Never let it be said that, during her periodic forays into AccountabilityWatch-ing , ITQ doesn’t report on the good news as well as the bad.
She was, as noted below, somewhat frustrated to find out that the identities of those who apply for an exemption from the five year ban on lobbying are shrouded from prying eyes unless their request is approved by the commissioner.
On the flipside, however, she is entirely delighted to discover that the Office of the Lobbying Commissioner has finally made it clear that, as ITQ put it earlier this year, all lobbyist disclosures are not created equal.
Pull up an entry from the communications log database that was filed by an in-house – or “corporate” lobbyist – and the following text now appears at the bottom:
The above name is that of the most senior paid officer who is responsible for filing a return for a corporation or organization (the Registrant), whether that person participated in this communication or not.
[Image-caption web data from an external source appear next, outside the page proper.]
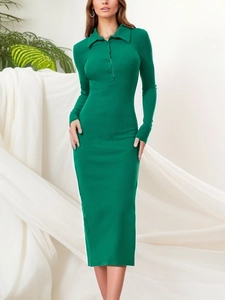 Grünes figurbetontes Strickkleid in Rippoptik mit Polokragen und Knopfleiste für Damen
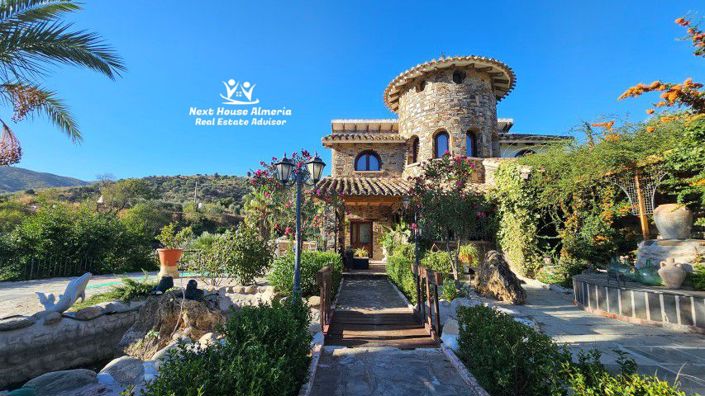 Image No.4-Villa de 4 chambres à vendre à Almeria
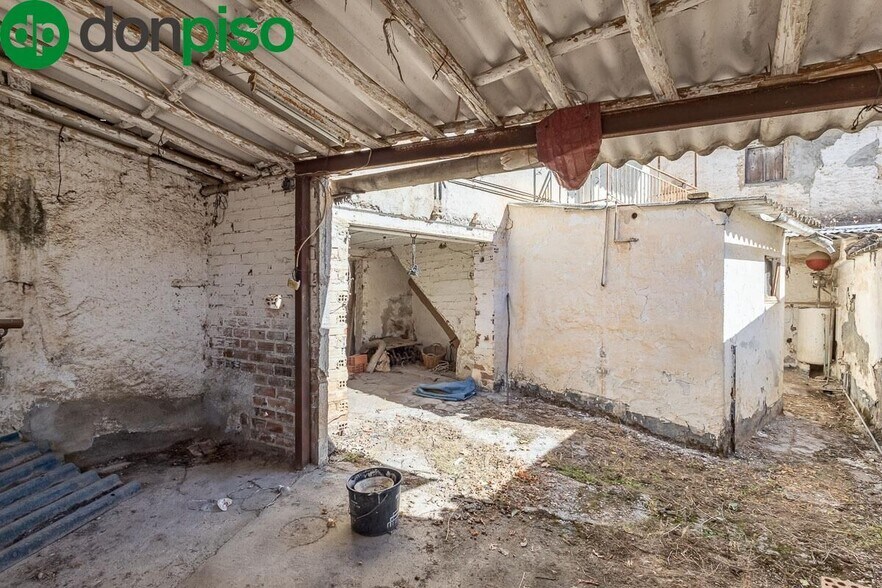 Calle Manuel de Góngora, 28, Ogíjares, Granada for sale - Interior Photo - Image 2 of 19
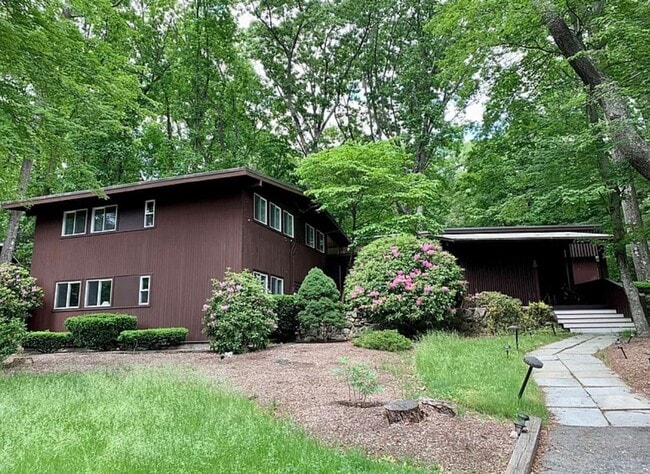 property at 30 Peacock Farm Rd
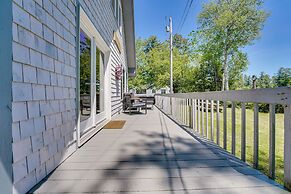 Dock + Kayaks: Annabessacook Lake Retreat!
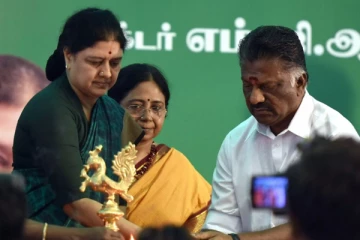 ஓபிஎஸ் மாநாட்டிற்கு அழைப்பு; நினைத்தது பலிக்குமா - சசிகலா அதிரடி பதில்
Indeed, the Lobbyists Registration Regulations do not require that the names of in-house lobbyists (i.e. employees of corporations or organizations) who actually participated in this communication with a designated public office holder be disclosed.
In other words, just because it looks like Alliance of Manufacturers and Exporters Jayson Myers has gotten face time with the Prime Minister, four cabinet ministers and Canada’s current Ambassador to the United States over the last eight months, it doesn’t actually mean that he was present at every one of those meetings. It could have been any one of the 25 AMEC staffers listed in his registration. Consultant lobbyists, however, are still required to file communications reports under their own names. Why the double standard?
ITQ still doesn’t know – but at least now there’s less chance of confusion.